Teriyaki-Glazed Salmon with Stir-Fried Vegetables
A fresh and flavorful Asian-style dish that is as easy to make as it is colorful.
Makes
Serving size
Ingredients
For salmon:
2 tablespoons light teriyaki sauce
¼ cup mirin (or sweet rice wine)
2 tablespoons rice vinegar
2 tablespoons scallions (green onions), rinsed and minced
1½ tablespoon ginger, minced (or 1 teaspoon ground)
12 ounces salmon fillets, cut into 4 portions (3 ounces each)
For vegetables:
1 bag (12 ounces) frozen vegetable stir-fry
½ tablespoon peanut oil or vegetable oil
½ tablespoon garlic, minced (about 1 clove)
1 tablespoon ginger, minced (or 1 teaspoon ground)
1 tablespoon scallions (green onions), rinsed and minced
1 tablespoon lite soy sauce
Instructions
- Preheat oven to 350 ºF.
- Thaw frozen vegetables in the microwave (or place entire bag in a bowl of hot water for about 10 minutes). Set aside until step 7.

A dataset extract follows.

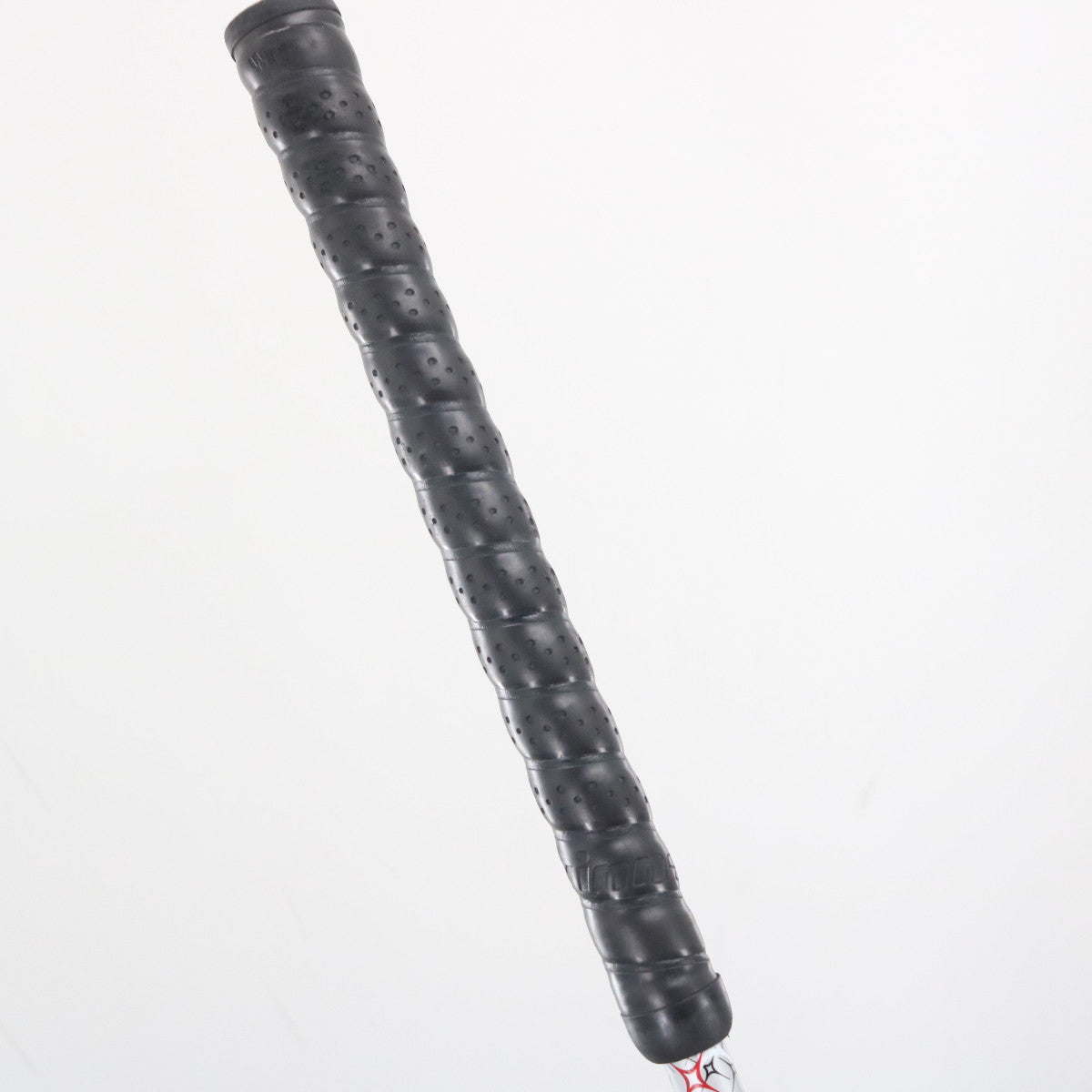 PING G25 3 Hybrid 20 Degrees Graphite TFC 189 Senior Flex Right Hand C-151075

- Combine teriyaki sauce, mirin, rice vinegar, scallions, and ginger. Mix well. Pour over salmon and marinate for 10 to 15 minutes.
- Remove salmon from the marinade and discard unused portion.
- Place salmon on a baking sheet and bake for 10 to 15 minutes or until fish flakes easily with a fork in the thickest part (minimum internal temperature of 145°F).
- Meanwhile, heat oil in a large wok or sauté pan. Add garlic, ginger, and scallions, and cook gently but do not brown, about 30 seconds to 1 minute.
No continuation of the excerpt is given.